"Lade dich freundlich ein auf zweiten März von deinem Kamerad Joh. Hanselmann", steht auf der sogenannten Rückseite dieser Postkarte von vor 1905, weil so lange auf die so genannte Vorderseite nur Anschrift, Postvermerke und Briefmarke durften. Foto: Digital-Archivfotos: Schabert

Eine Postkarte wurde vor 100 Jahren aus Neuweiler gen Stuttgart versandt. Aus welchem Lokal dies damals geschah, ist zwar nicht mehr zu rekonstruieren, doch aber wird dadurch eines klar: Neuweiler boomte aus touristischer Sicht.

Neuweiler - Ob es der "Ochsen", das "Lamm" oder die "Spezerei und Pension v. Lina Lutz" war, aus der vor 100 Jahren eine Postkarte aus der Sommerfrische Zwerenberg nach Stuttgart versandt wurde, ist nicht bekannt. Aber der in deutscher Schrift auf dieser zu findende Text belegt, dass schon damals und nach einer weiteren Karte sogar um die vorletzte Jahrhundertwende Gäste in dem seit den frühen 1970er-Jahren staatlich anerkannten Erholungsort ausspannten und sich wohlfühlten.

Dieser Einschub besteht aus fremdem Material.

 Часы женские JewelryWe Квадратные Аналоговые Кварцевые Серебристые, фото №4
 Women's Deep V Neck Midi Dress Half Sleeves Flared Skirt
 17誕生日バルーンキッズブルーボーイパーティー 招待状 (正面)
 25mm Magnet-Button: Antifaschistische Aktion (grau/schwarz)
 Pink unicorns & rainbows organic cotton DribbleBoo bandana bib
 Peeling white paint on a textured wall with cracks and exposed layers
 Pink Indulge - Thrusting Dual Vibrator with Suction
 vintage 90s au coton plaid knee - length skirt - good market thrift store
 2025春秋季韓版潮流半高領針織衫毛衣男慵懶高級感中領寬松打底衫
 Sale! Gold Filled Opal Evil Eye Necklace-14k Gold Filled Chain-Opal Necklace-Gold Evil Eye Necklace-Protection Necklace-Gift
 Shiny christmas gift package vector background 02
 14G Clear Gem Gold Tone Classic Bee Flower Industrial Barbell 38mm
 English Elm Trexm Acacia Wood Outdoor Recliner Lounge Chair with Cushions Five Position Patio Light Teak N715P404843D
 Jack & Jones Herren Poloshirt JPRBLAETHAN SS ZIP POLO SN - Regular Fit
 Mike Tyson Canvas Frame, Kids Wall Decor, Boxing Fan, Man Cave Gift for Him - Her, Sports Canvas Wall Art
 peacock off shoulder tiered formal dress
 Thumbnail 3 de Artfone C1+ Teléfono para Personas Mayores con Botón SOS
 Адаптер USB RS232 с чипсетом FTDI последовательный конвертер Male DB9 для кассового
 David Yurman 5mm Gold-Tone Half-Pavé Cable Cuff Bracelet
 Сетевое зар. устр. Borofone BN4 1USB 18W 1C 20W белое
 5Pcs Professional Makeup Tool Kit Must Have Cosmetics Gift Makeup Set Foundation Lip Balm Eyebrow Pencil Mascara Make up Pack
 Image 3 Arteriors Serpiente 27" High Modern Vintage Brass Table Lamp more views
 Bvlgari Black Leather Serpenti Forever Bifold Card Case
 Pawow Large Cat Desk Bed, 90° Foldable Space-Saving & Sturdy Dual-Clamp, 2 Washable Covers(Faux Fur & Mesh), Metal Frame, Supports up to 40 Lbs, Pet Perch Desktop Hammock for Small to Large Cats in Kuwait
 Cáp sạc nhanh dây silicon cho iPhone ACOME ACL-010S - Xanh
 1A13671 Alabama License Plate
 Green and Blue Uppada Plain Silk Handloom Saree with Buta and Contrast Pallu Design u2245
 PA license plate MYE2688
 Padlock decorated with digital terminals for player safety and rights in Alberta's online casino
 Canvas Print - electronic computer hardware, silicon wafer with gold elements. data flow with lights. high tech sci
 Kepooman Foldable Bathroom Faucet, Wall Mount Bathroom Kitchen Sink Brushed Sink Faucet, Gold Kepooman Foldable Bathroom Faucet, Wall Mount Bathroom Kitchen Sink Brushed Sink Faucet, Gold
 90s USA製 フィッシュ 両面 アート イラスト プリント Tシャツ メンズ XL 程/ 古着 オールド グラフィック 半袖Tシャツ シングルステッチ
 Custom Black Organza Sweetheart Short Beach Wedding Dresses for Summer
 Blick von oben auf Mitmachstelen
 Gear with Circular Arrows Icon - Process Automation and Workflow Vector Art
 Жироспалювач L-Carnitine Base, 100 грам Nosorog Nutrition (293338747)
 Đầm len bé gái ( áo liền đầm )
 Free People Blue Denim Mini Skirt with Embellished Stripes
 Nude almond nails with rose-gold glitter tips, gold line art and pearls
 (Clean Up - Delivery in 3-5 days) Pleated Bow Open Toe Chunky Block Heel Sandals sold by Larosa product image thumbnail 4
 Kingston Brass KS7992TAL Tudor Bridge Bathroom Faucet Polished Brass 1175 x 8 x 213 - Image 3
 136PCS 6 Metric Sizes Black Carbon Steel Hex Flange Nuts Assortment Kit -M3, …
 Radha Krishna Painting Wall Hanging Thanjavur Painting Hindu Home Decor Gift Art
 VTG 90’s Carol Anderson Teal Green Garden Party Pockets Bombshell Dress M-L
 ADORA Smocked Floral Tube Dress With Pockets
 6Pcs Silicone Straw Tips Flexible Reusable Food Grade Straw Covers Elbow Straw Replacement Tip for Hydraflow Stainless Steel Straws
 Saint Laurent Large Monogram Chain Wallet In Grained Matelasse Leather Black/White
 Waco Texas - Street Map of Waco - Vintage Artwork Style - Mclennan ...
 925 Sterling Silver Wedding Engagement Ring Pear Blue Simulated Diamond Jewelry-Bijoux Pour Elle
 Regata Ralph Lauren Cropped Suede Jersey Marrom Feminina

Die Zwerenberg-Urlauber schrieben 1921 auf der Rückseite der Ansichtskarte – auf der die ehemalige Spezerei zur "Handlung von Kaufm. Hamann" geworden war und wohl noch immer Gäste aufnahm – in flüchtiger Deutscher Schrift an die "sehr geehrten Herrn und Frau Schultheiß" in der Landeshauptstadt am 5. Juni 1921: "Anstelle eines Besuchs, der mir leider nicht mehr möglich ward, senden wir herzl. Grüße aus uns. Sommerfrische auf der Höhe des Schwarzwalds – einfache Verhältnisse, völlige Ruhe, richtige Höhe wirken zusammen u. können wir Ihnen hies. Platz ebenfalls zur Erholung bestens empfehlen. Mit schönstem Gruß, Ihre …"

Lokale sind auf einer Postkarte abgebildet

Die drei eingangs genannten Lokale sind auf einer anderen Postkarte abgebildet, die schon vor 1905 aus Zwerenberg versandt wurde. Erkennbar ist das Alter daran, dass bis zum Frühjahr dieses Jahres auf die bis dahin Rückseite genannte Bildseite auch der Text musste, weil auf die nach damaliger Anschauung so genannte Vorderseite nur Anschrift, Briefmarke und Postvermerke durften. Die bunte, vom Altensteiger Verlag Albert Großmann hergestellte, kolorierte Ansichtskarte im Stil der damaligen Zeit zeigt neben einer Gesamtansicht und der Kirche die beiden Gaststätten und das bis 1996 noch von der Familie Obst betriebene Einzelhandelsgeschäft Hamann. Die beiden Gasthäuser und private Gastgeber verzeichneten in den 1980er-Jahren in Zwerenberg jährlich um die 10 000 Übernachtungen.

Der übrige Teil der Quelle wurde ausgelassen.